Beauty pageants are hardly known for being political, or even politically correct: many feminists denounce them for perpetuating unrealistic body types for women and the notion that women should just aspire to be a pretty face. In recent years, pageants have moved beyond looks to also focus on contestants with leadership qualities; winners of the crown may also engage in raising awareness for a social issue, as is the case with the Miss Universe pageant. While the main focus of a beauty pageant is still going to be the contestants’ appearances, why can’t they also be used as a platform to discuss issues pertaining to women?

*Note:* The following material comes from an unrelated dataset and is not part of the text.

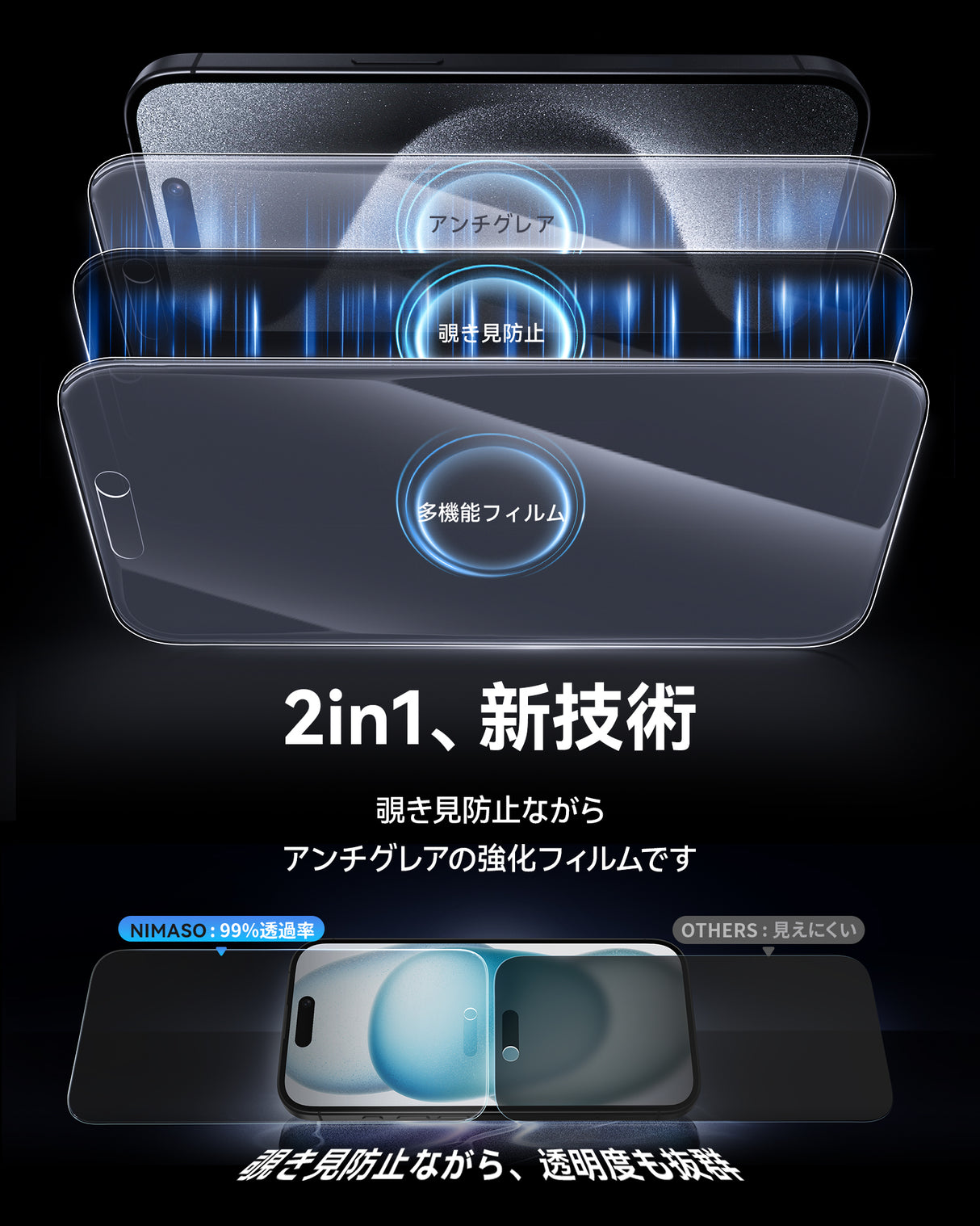 NIMASO  iPhone 15/15 Pro用 2in1 アンチグレア+覗き見防止 強化ガラスフィルム 耐衝撃 「バリ楽Box」ガイド枠付き【1枚】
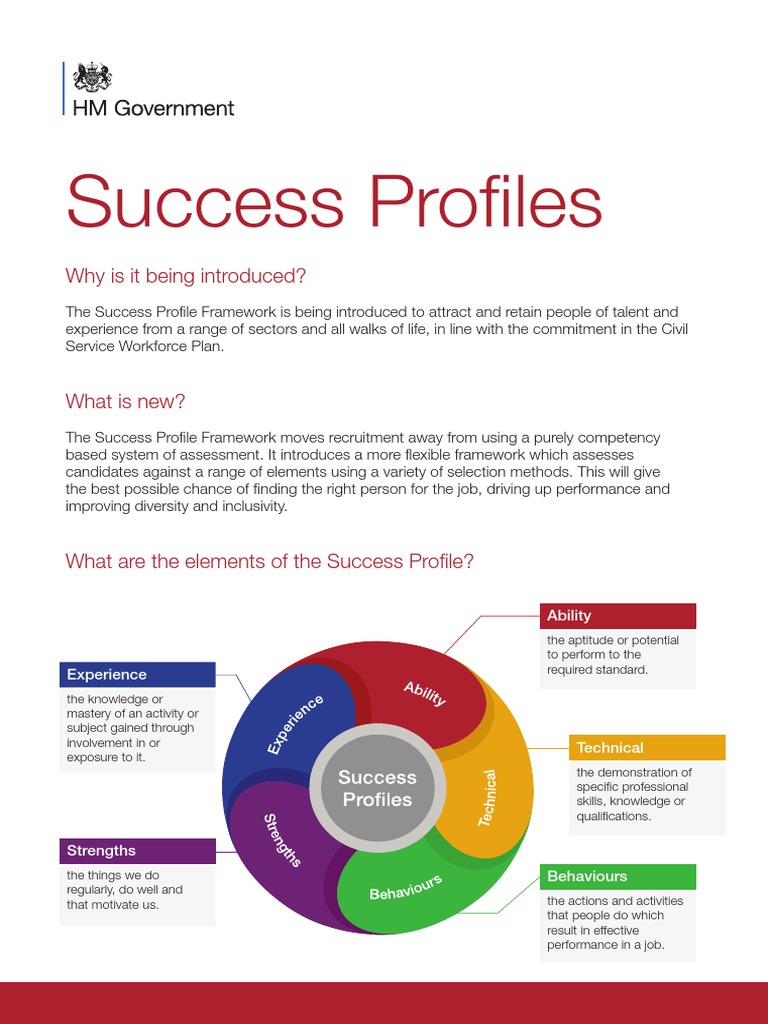 Civil Service Success Profile PDF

Beauty pageants are a great platform to address women’s issues. Although some people argued online that the public wouldn’t take the violence against women statistics seriously because they were brought up at a pageant, the fact remains that pageant contestants, although they may look and seem perfect onstage, are also real women who go through the same issues as everyone else. The idea for the Miss Universe Peru contestants came to the pageant organizers after they learned how many of the women had been raped or assaulted. In countries such as Peru, Colombia and the Philippines, pageants have a huge following, while the Miss Universe contest captures the attention of the entire world. This following includes millions of impressionable young girls who would greatly benefit from hearing the women they admire or aspire to emulate discussing issues that may hit close to home.

In the end, the Miss Peru pageant sparked a discussion online about violence against women in the country. Later this month, the contestants plan to lead a march in the country’s capital, proving that beauty pageants can be more than just a celebration of women’s beauty. As society becomes more aware conscious of social issues, there is no reason why pageants cannot evolve and be used as platforms to spread awareness and change for women.